Overview
The fundamental challenge of machine learning is to find a response function
{% f:X \mapsto Y %}
that minimizes risk, defined as
{% Risk = \mathbb{E}[ L(x,y, f(x)) ] %}
The challenge of machine learning is that typically the distribution of {% \mathbb{P}(x,y) %} is unknown.
Hypothesis Set
The process of training a machine learning algorithm is essentially the process of finding a function among a set of functions which minimizes the risk, defined above. That is, the analyst identifies a set of functions (for example, all linear functions) which is called the Hypothesis set, or Hypothesis space, {% H %}.
{% f \in H %}
Then the analyst attempts to identify the function (here labeled {% f^* %}) within that set which minimizes the risk.
{% f_H = arg \; min_{f \in H} \; \mathbb{E}[ L(x,y, f(x)) ] %}
When the Hypothesis set under consideration is the class of all functions ({% H_{all} %}), the resulting function {% f_H %} is referred to as the
Bayes classifier, and labeled {% f_{bayes} %}.
Because the distribution that generates the data is rarely known, the process of minimizing the risk typically involves minimizing the empirical risk, see below.
Empirical Loss Minimization
The empirical loss function is a measure of the loss on the given dataset. It is defined as
{% R_{emp} (f) = \frac{1}{n} \sum_{i=1}^n l(x_i,y_i,f(x_i)) %}
The empirical loss is generally taken to be a proxy for the loss given above, which leads one to try to find the
function that minimizes the empirical loss use that function as the trained model.
{% f_{emp} = arg \; min \; \mathbb{E}[ L(x,y, f(x)) ] %}
Empirical Loss Minimization on a Parametric Hypothesis Space
An example of empirical loss minimization is OLS Regression.

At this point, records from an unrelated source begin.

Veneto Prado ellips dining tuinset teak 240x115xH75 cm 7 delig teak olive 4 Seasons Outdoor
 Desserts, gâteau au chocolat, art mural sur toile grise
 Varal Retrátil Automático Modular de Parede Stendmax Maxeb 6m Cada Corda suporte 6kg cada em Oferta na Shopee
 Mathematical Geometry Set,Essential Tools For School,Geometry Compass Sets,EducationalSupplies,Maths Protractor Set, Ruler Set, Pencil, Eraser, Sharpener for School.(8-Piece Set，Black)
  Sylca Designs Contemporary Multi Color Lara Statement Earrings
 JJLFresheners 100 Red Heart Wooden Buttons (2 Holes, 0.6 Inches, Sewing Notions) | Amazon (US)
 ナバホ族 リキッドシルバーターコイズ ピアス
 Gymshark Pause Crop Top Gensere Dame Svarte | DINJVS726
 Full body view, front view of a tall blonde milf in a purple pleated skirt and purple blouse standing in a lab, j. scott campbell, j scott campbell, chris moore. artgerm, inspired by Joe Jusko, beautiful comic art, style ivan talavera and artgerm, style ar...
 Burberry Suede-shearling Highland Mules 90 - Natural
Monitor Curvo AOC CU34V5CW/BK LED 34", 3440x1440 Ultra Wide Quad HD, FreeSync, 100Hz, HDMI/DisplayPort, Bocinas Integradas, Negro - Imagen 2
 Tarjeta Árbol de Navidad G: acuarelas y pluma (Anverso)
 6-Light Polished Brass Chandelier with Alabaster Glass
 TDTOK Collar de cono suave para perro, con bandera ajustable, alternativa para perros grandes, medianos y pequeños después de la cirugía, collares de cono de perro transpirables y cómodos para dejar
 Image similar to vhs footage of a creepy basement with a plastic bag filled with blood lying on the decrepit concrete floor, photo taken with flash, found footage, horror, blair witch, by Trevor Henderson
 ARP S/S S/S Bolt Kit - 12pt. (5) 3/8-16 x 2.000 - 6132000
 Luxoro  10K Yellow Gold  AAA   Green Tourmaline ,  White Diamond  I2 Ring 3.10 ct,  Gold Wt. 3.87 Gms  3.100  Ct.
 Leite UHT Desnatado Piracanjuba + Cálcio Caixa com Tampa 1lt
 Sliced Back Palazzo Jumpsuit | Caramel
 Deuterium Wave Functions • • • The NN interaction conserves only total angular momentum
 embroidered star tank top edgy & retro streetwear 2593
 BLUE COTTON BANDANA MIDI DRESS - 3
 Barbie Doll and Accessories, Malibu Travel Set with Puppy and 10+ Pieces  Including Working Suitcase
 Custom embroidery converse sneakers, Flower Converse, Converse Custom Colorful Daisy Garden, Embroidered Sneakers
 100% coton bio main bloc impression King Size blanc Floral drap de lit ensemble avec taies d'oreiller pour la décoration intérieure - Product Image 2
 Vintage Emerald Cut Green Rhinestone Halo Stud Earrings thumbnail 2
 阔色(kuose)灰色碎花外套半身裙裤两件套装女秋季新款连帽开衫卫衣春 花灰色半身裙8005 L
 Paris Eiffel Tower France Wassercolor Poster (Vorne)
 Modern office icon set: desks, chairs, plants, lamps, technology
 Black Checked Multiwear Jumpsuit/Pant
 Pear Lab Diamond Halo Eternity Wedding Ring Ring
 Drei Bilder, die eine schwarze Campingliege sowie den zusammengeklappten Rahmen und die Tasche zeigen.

In this case, the Hypothesis set is the set of linear functions
{% y = ax + b %}
The loss is defined to be the squared error
{% loss = \sum[y(x) - (ax_i +b)]^2 %}
Given a dataset, the procedure using analytic
optimization
techniques to find the values of {% a %} and {% b %} that minimize the squared loss.
Error Decomposition
The error of a given chosen function {% f_i %} is defined to be
{% R(f_i) - R(f_{bayes}) %}
That is, it shows the difference between the risk of the chosen function and the risk of the optimal
function (the Bayes classifier).
The error can be decomposed as the sum of two terms, the estimation error and the approximation error.
{% R(f_i) - R(f_{bayes}) = (R(f_i) - R(f_H)) + (R(f_H)-R(f_{bayes})) %}
Where
{% estimation \; error = (R(f_i) - R(f_H)) %}
{% approximation \; error = (R(f_H)-R(f_{bayes})) %}
Misfitting
- Underfitting
When the hypothesis set is chosen to be small, the result can be underfitting. That is, there is a large approximation error.
- Overfitting
When the hypothesis set is large, this can result in a large estimation error, even though the approximation error is small.The size of the Hypothesis set is often referred to as the model complexity. That is, complex models can implement a large set of functions.
Bias Variance Tradeoff
Bias Variance Tradeoff mathematically shows the relationship of model error to model complexity.
Generalization
Generalization is the ability of a response function to be able to accurately predict response values to inputs that are not in the training set. In terms of risk, a function that generalizes is one that actually minimizes the risk, as opposed to memorizing the training set.
The sample function given above that memorizes the training set does not generalize well. The key to generalization is to constrain the set of response functions to a set that exludes the functions that dont generalize. For example, if the lookup function is not among the set of functions that available to choose as a response function, then it will not be chosen in the loss minimization procedure.
The above shows a hypothetical graph of the Generalization Error versus the number of response function degrees of freedom. At first, as the degrees of freedom is increased, the model reduces its generalization error, as it moves from being underfit to fit. Eventually, the model becomes overfit as additional parameters as added, and the generalization error starts to go up with each additional degree of freedom.
- out of sample error -
- in sample error - this is the measured error of the response function to the training data
- model complexity - is a measure of the model complexity, typically
Parametric Response Function
The standard way to constrain the set of available response functions is to choose a function that is dependent on a set of parameters as the template for the response function. That is, the set of available functions all have the same form, only differing in the value of a set of parameters.
As an example, the following function can serve as the response function template
{% f(x) = a + bx + cx^2 %}
where a,b,c are parameters.
Once the response function has been chosen to be a parametric function, an optimization procedure needs to be chosen that can find the parameters that minimizes the loss. There are generally two methods to achieve this.
- Gradient Descent is the standard tool used to find the function that minimizes the loss. However, the basic method of numerically computing the gradient of the response function for use within gradient descent can be computationally expensive.
- Backpropagation is designed to speed up the gradient descent procedure outlined above by using the chain rule to compute the gradient of the response function without having to rely the standard numeric method.